もうこの券はわたしには必要ないものだから。


お兄がずっと一緒にいたいと心から思える人に持っていてほしい。


「だからあげる!」


「ありがとう、ヒナちゃん。大事にするね」



あぁ、わかった。わたしがこの人を嫌いになれない訳。


だってお兄と似てるんだもん。
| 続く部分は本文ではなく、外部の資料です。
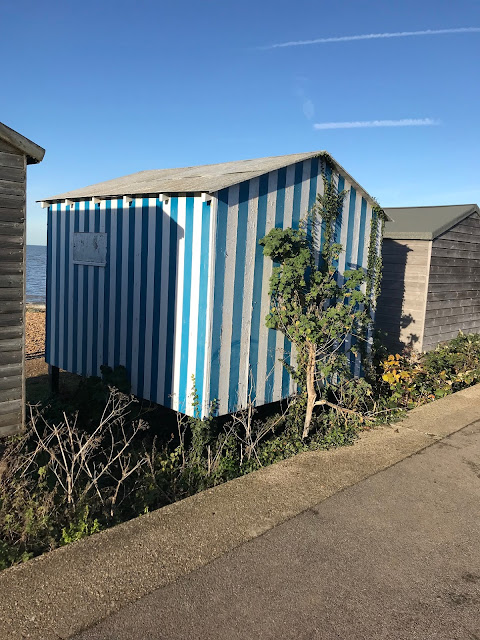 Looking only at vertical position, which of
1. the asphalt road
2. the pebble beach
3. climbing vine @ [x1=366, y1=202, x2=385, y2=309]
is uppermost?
climbing vine @ [x1=366, y1=202, x2=385, y2=309]

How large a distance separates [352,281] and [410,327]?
4.44 m

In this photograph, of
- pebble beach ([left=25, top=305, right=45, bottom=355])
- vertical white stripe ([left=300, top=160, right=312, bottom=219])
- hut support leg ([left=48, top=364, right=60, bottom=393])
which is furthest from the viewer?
pebble beach ([left=25, top=305, right=45, bottom=355])

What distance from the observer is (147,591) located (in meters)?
3.00

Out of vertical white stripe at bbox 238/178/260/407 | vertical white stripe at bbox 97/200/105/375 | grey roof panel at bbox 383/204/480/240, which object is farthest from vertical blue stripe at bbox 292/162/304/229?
grey roof panel at bbox 383/204/480/240

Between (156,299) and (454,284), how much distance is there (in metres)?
7.34

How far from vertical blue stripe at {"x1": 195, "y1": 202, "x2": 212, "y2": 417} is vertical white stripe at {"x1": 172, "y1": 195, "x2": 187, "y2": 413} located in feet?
1.09

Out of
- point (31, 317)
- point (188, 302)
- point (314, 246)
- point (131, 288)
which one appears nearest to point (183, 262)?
point (188, 302)

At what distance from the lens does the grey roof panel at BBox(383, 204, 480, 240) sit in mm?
10375

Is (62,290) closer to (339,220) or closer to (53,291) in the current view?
(53,291)

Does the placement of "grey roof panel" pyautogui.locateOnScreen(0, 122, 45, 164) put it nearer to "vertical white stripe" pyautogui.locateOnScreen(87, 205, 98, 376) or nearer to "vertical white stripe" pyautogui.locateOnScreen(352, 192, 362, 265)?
"vertical white stripe" pyautogui.locateOnScreen(87, 205, 98, 376)

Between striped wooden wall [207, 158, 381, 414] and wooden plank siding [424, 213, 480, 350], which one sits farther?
wooden plank siding [424, 213, 480, 350]

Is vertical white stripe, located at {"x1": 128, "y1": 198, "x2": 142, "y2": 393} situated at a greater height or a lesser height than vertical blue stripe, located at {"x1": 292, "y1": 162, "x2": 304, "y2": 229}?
lesser

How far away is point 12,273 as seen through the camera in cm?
→ 459

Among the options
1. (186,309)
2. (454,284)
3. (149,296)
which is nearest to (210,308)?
(186,309) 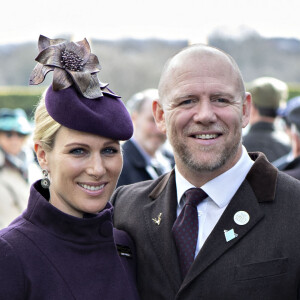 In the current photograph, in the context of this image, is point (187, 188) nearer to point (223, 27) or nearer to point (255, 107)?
point (255, 107)

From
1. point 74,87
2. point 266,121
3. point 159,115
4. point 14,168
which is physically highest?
point 74,87

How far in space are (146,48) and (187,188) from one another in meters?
19.8

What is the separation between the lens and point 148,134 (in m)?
5.48

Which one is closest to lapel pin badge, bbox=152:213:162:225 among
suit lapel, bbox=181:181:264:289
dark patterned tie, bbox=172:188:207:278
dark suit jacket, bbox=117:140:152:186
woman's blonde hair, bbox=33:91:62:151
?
dark patterned tie, bbox=172:188:207:278

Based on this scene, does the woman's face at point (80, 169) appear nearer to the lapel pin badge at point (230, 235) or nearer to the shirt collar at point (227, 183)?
the shirt collar at point (227, 183)

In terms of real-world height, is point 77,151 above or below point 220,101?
below

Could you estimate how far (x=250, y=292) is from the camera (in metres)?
2.35

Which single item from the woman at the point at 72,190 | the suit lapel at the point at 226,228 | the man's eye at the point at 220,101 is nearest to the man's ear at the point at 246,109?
the man's eye at the point at 220,101

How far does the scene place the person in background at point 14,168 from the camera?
5.28 m

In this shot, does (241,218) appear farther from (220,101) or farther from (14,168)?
(14,168)

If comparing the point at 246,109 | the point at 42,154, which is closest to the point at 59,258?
the point at 42,154

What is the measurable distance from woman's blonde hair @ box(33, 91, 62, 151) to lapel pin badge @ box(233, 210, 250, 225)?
913 millimetres

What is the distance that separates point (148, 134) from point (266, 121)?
121 cm

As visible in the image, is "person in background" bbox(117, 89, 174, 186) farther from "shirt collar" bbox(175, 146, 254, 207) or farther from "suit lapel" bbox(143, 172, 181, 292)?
"shirt collar" bbox(175, 146, 254, 207) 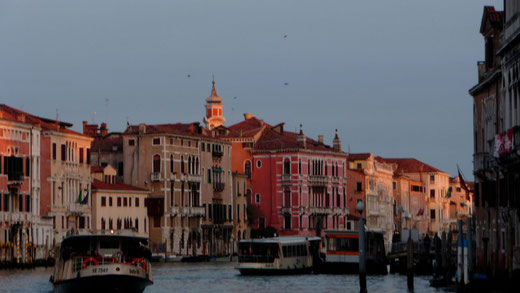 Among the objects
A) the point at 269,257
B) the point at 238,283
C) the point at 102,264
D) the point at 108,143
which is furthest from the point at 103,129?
the point at 102,264

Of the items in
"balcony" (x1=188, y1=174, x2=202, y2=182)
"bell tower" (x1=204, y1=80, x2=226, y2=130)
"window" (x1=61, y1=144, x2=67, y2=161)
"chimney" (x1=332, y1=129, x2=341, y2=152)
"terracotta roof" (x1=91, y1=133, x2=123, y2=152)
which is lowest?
"balcony" (x1=188, y1=174, x2=202, y2=182)

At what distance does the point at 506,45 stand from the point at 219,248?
6640 centimetres

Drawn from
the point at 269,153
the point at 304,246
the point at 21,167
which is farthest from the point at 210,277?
the point at 269,153

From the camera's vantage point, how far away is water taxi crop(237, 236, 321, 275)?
6275 cm

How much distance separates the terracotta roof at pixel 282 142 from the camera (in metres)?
111

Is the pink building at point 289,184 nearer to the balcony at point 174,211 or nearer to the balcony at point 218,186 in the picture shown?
the balcony at point 218,186

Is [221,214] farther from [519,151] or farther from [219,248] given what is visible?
[519,151]

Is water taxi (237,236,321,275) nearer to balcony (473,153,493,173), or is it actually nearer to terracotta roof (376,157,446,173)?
balcony (473,153,493,173)

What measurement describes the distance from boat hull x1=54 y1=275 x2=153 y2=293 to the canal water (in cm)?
917

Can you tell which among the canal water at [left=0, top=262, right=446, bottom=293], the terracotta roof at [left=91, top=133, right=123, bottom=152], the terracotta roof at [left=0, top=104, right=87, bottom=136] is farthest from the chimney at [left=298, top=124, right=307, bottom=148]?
the canal water at [left=0, top=262, right=446, bottom=293]

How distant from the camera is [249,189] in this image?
110938 mm

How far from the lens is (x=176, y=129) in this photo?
101062 millimetres

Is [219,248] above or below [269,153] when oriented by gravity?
below

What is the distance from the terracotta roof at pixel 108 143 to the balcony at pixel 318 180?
62.9 ft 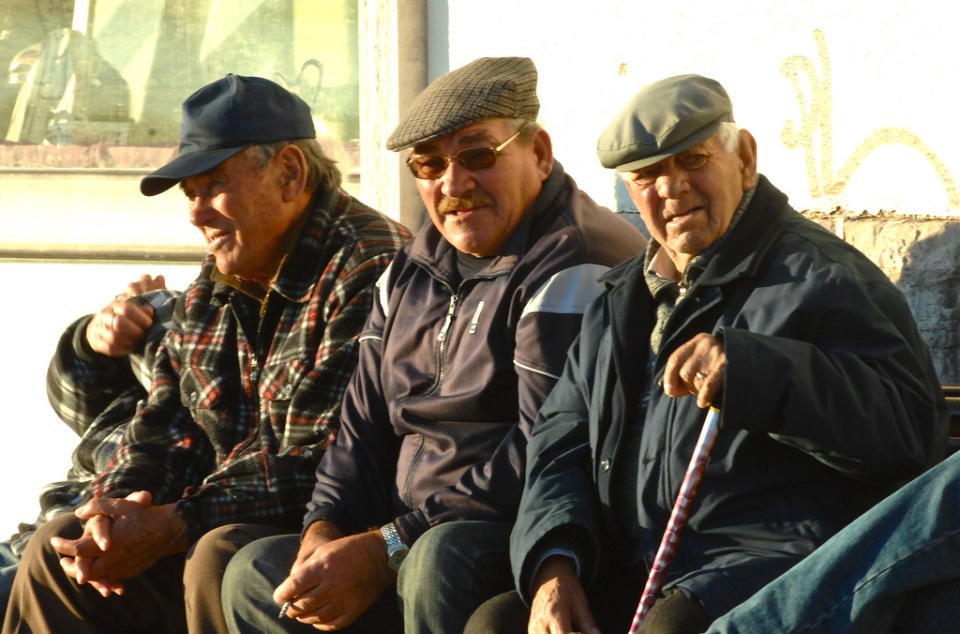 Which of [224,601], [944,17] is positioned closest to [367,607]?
[224,601]

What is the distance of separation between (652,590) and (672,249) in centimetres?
68

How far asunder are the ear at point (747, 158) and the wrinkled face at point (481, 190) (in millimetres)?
648

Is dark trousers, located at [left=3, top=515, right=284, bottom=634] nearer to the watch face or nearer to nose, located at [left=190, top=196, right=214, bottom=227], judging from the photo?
the watch face

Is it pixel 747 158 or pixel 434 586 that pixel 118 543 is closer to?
pixel 434 586

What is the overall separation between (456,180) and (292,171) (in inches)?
29.1

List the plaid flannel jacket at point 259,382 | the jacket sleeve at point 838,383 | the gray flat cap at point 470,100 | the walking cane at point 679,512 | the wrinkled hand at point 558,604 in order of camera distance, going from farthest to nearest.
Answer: the plaid flannel jacket at point 259,382 < the gray flat cap at point 470,100 < the wrinkled hand at point 558,604 < the walking cane at point 679,512 < the jacket sleeve at point 838,383

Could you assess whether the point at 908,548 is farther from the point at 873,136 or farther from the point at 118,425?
the point at 118,425

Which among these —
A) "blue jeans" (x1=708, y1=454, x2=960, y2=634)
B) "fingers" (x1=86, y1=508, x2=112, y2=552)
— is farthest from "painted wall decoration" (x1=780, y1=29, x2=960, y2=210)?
"fingers" (x1=86, y1=508, x2=112, y2=552)

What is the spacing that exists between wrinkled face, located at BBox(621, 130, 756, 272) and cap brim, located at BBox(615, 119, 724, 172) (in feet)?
0.06

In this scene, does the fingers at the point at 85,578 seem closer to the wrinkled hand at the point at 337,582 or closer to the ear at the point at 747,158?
the wrinkled hand at the point at 337,582

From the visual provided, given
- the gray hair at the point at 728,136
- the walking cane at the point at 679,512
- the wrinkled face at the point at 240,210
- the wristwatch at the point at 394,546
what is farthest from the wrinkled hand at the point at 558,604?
the wrinkled face at the point at 240,210

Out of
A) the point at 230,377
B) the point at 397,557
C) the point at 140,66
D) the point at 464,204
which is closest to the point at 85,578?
the point at 230,377

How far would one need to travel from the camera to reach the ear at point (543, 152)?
3.41 meters

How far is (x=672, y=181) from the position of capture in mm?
2795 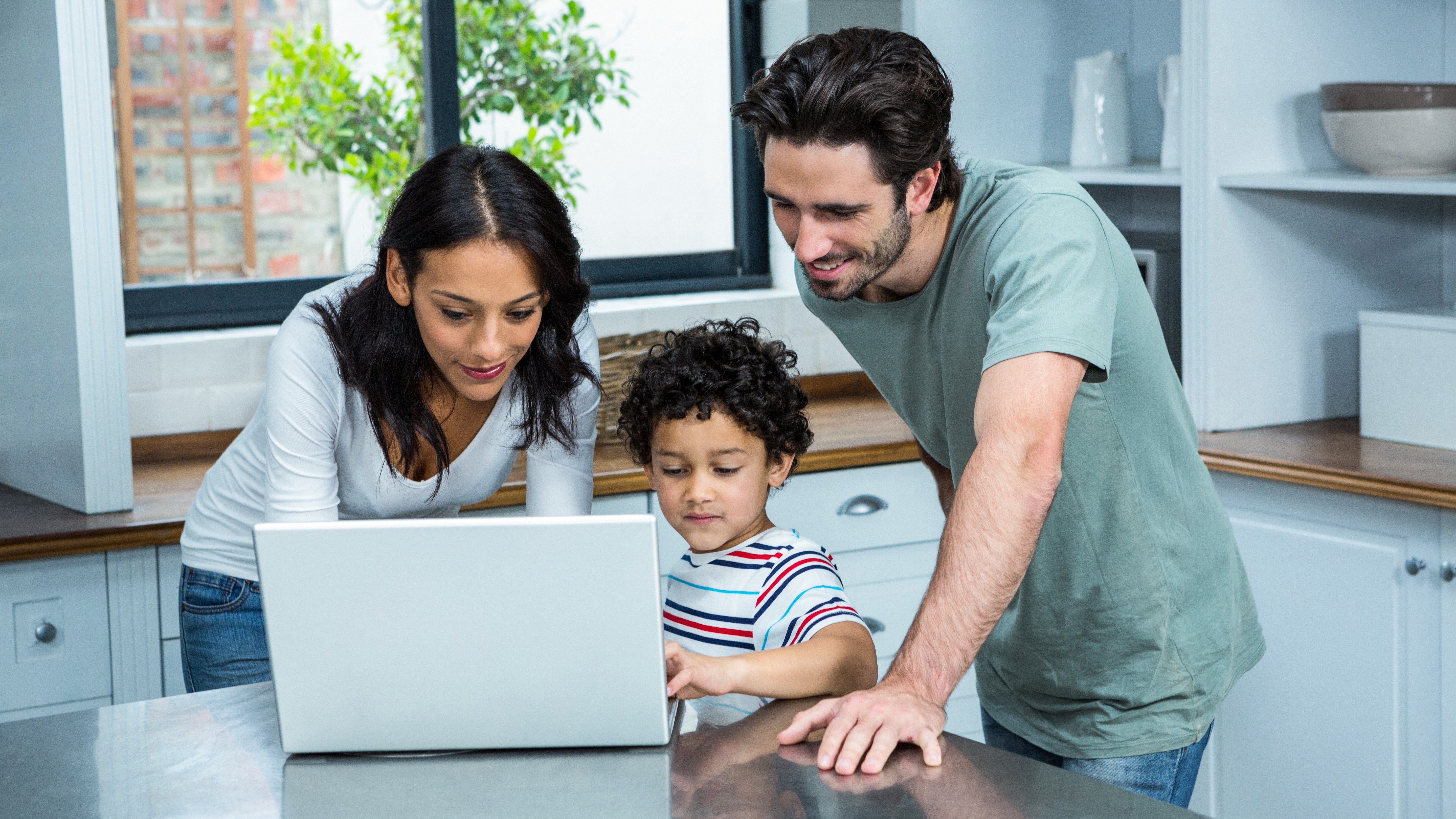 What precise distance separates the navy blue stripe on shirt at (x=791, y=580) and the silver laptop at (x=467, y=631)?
35 centimetres

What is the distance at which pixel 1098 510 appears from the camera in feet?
4.79

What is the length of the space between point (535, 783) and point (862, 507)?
67.8 inches

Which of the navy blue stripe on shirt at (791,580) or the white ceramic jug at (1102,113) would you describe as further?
the white ceramic jug at (1102,113)

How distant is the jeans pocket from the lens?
5.74ft

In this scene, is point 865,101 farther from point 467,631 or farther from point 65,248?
point 65,248

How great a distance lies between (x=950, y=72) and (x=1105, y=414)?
1.63m

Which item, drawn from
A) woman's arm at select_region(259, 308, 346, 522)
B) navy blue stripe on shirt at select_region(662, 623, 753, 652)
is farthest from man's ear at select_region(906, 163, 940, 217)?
woman's arm at select_region(259, 308, 346, 522)

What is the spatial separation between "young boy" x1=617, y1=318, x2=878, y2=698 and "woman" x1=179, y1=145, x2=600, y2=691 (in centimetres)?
11

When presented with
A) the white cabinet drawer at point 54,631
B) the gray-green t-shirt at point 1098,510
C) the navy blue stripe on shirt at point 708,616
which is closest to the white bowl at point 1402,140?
the gray-green t-shirt at point 1098,510

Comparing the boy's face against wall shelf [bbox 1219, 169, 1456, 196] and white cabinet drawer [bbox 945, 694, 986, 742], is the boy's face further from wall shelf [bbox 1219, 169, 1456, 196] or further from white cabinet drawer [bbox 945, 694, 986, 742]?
white cabinet drawer [bbox 945, 694, 986, 742]

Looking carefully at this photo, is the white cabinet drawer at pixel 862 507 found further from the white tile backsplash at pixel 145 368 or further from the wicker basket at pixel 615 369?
the white tile backsplash at pixel 145 368

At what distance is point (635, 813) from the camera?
3.41 feet

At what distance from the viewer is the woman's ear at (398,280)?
5.10 ft

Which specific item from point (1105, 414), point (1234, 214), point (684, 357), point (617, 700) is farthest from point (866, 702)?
point (1234, 214) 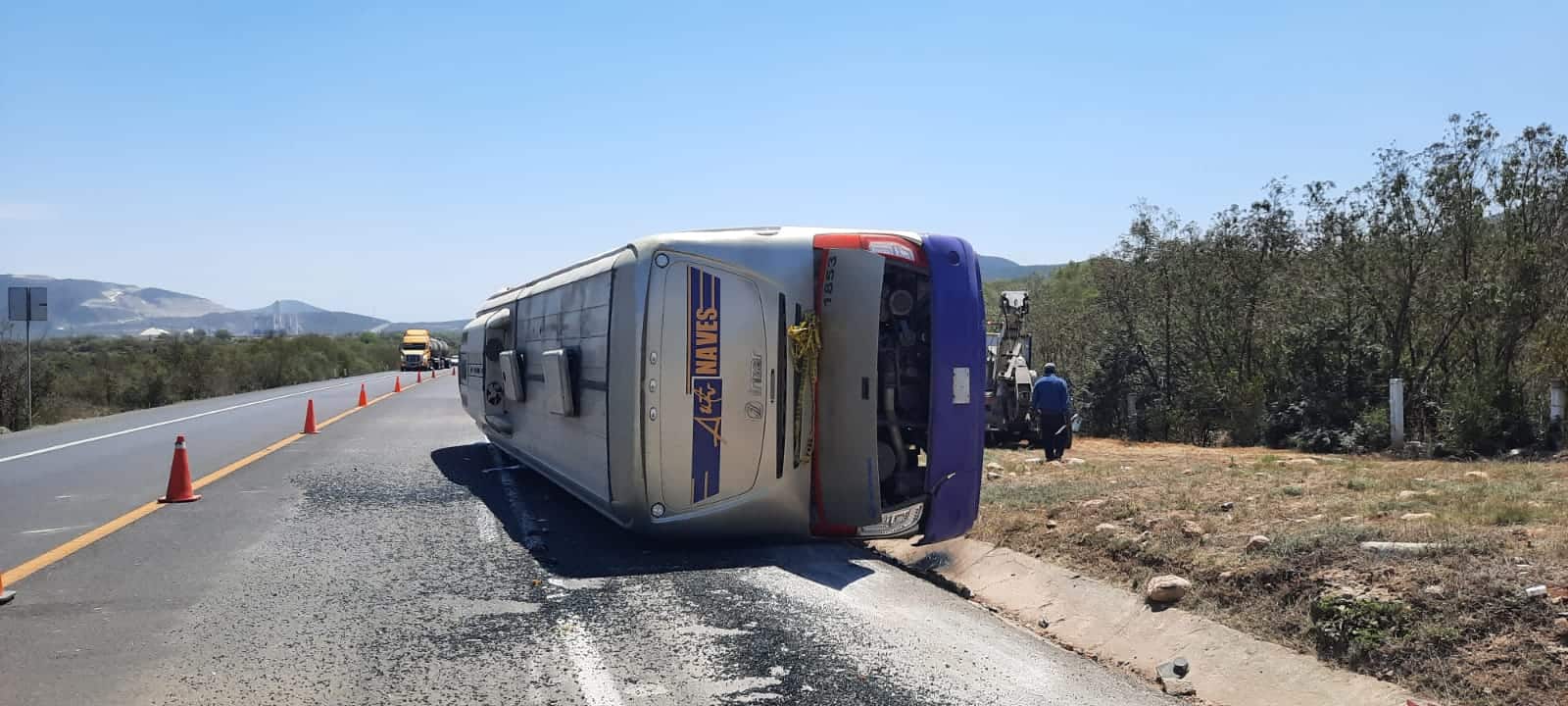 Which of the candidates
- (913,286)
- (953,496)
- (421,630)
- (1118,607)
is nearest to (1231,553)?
(1118,607)

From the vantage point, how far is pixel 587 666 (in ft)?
17.7

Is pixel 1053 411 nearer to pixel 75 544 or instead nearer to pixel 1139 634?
pixel 1139 634

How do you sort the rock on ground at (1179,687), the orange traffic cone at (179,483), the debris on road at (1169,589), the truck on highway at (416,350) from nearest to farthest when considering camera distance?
1. the rock on ground at (1179,687)
2. the debris on road at (1169,589)
3. the orange traffic cone at (179,483)
4. the truck on highway at (416,350)

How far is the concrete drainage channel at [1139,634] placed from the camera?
537cm

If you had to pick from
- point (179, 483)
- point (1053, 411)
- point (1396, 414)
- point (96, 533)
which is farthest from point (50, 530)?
point (1396, 414)

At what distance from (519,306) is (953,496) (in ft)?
20.1

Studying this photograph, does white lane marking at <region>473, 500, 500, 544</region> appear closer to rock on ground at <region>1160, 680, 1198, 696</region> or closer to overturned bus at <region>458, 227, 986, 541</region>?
overturned bus at <region>458, 227, 986, 541</region>

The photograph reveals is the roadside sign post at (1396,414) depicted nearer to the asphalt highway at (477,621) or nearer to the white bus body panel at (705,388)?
the asphalt highway at (477,621)

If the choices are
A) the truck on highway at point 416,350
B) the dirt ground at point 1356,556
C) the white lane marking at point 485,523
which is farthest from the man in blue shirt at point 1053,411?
the truck on highway at point 416,350

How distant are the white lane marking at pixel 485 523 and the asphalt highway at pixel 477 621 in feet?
0.17

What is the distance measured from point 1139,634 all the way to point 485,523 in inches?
226

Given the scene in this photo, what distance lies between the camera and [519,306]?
12312 millimetres

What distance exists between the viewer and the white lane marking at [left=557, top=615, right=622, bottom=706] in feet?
16.2

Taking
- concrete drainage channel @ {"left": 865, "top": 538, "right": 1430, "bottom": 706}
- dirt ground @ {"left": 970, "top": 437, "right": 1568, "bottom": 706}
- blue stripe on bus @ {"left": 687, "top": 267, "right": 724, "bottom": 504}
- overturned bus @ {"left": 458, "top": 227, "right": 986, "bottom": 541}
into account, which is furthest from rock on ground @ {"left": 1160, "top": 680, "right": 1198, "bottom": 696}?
blue stripe on bus @ {"left": 687, "top": 267, "right": 724, "bottom": 504}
お兄と似ている優しさを持っている人。


「それから、今度家に来るときはわたしが親子丼一人で作るから!」


「うん、楽しみにしてるね」


「あと…ガトーショコラ作ってきてよね!あれ、美味しかったから!」


「うん、美味しく作っていくね」


「やっ、約束だからね!唯お姉ちゃん!」


わたしが名前で呼ぶととびきり可愛く笑った彼女に見送られて今度こそわたしとお兄は家路へついた。


「お兄、彼女って良い人だね」


「だからそう言ったろ?」


「あと、可愛い人だね」


「ヒナなら唯の良さ、分かると思ってたよ」


それ、この前も言っていたな。


「なんで?」と首を傾げるとお兄は得意げな顔をした。


「ヒナは俺の妹だから、唯のこと好きになると思ってた」


わたしもいつか見つけたいな。


お兄以上に大好きになれて、お兄と唯お姉ちゃん以上にラブラブになれるそんな人に。


それまではやっぱりわたしの一番はお兄だからね。




【兄と優しい魔法の券】 完。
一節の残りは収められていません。